Cada um dos 18 senadores poderá usar cinco minutos para formular os questionamentos, o mesmo tempo concedido ao ex-ministros. Após as respostas, os parlamentares terão três minutos para as réplicas e os depoentes outros três minutos para as tréplicas.

Questões de ordem

Logo no início da sessão, antes de Mandetta começar a falar, o senador Eduardo Girão (Podemos-CE), que é governista, reclamou que a CPI estaria focando mais nas ações e omissões do governo federal, deixando de lado as irregularidades de gestores estaduais e municipais no uso de recursos federais. Ele apresentou uma questão de ordem pedindo que sejam alternados depoimentos relacionados a um e outro tema.

— A despeito do desejo dos 45 senadores que assinaram o requerimento [para investigar governadores e prefeitos], não há no plano de trabalho no momento nada que assegure a investigação de irregularidades na aplicação de recursos federais por entes estaduais e municipais. Com efeito, destaco que até o final do ano de 2020, a Polícia Federal já havia realizado 61 operações policiais para apurar indícios de irregularidades. Essas investigações vão desde a compra de máscaras e aventais até hospitais de campanha, em contratos que movimentaram algo próximo a R$ 2 bilhões. Como resultado, governadores e secretários foram afastados — disse Girão.

O presidente da CPI, Omar Aziz (PSD-AM), reclamou que Girão estava levando muito tempo para apresentar a questão de ordem. Randolfe Rodrigues (Rede-AP), de oposição, também rebateu.

— Parece que ficam embromando, empurrando com a barriga. Temos depoente esperando. Temos plano de trabalho.
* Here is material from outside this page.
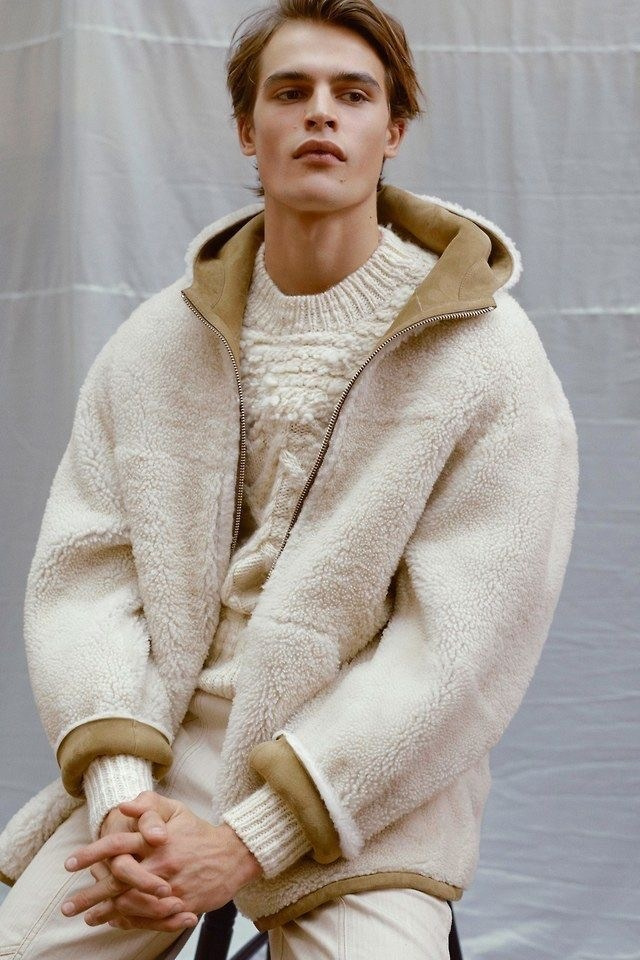 красивая предметная съемка мужской одежды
Girão, vamos trabalhar, homem!

Marcos Rogério (DEM-RO), governista, disse que o plano de trabalho dá mais enfoque às ações e omissões do governo federal.

— A CPI tem que investigar a todos, doa a quem doer — disse Rogério.

A CPI da Covid pretende que o Tribunal de Contas da União (TCU) ceda duas servidoras para auxiliar o colegiado. Este tipo de requisição aos órgãos de controle é praxe nos processos investigativos da Casa. Em requerimento apresentado pelo presidente Aziz , ele cita as auditoras federais de controle externo Deane D'abadia Morais e Sorhaya Sampaio de Araújo. O fato de Aziz ter delimitado quem quer chamar foi questionado pelo governista Ciro Nogueira (PP-PI).